We should expect more and finer grained data on individuals to lead to more actionable models at the individual level. At the current time, we have relatively sparse data on individuals in the health-care systems, for example, an average of a dozen or so “transactions” per year for pre-diabetics and even fewer for normal people. For slow progressing diseases such as diabetes, this makes discrimination harder. If models become better through more granular data gathered via devices such as mobile devices, recorders, and telemedicine, actionability can become progressively more aggressive, targeted, and personalized.*
Improved monitoring might also go a long way toward understanding and addressing other behavioral issues related to habits. People don't change habits easily. We are unable to alter personal behaviors easily due to a variety of factors ranging from time availability, money, and established routines. There is a considerable amount of attention on using technologies and incentives to alter behavior, but this remains a serious impediment to improving health-care outcomes.
The holy grail, of course, is prevention rather than cure. Better predictive systems and monitoring will get us part of the way, but the health-care system must also have incentives that lead providers to put a high value on prevention. In the old days of “high touch” care a physician knew you and your family personally, thereby injecting a social element and “caring” into the process. In contrast, industrialized health-care of today is largely “process driven” and less personal, intended to be delivered in a scalable manner. The inevitable consequence has been little incentive for the provider to be proactive and really “care” with prevention in mind instead of treatment.
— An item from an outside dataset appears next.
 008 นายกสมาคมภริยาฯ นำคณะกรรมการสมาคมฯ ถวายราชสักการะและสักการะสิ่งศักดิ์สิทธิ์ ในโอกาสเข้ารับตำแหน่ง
A major challenge facing health care is one of aligning economic incentives of health-care providers toward prevention. Steps are being taken in this direction in the Affordable Care Act, where certain payments are tied to concrete markers such as lowering readmission rates and other proxies for preventive care. Coupling such policy actions with better technologies that include personalized predictions and recommendations could go a long way toward achieving better outcomes in health care. The challenge will be to accomplish this without sacrificing privacy to the detriment of the individual.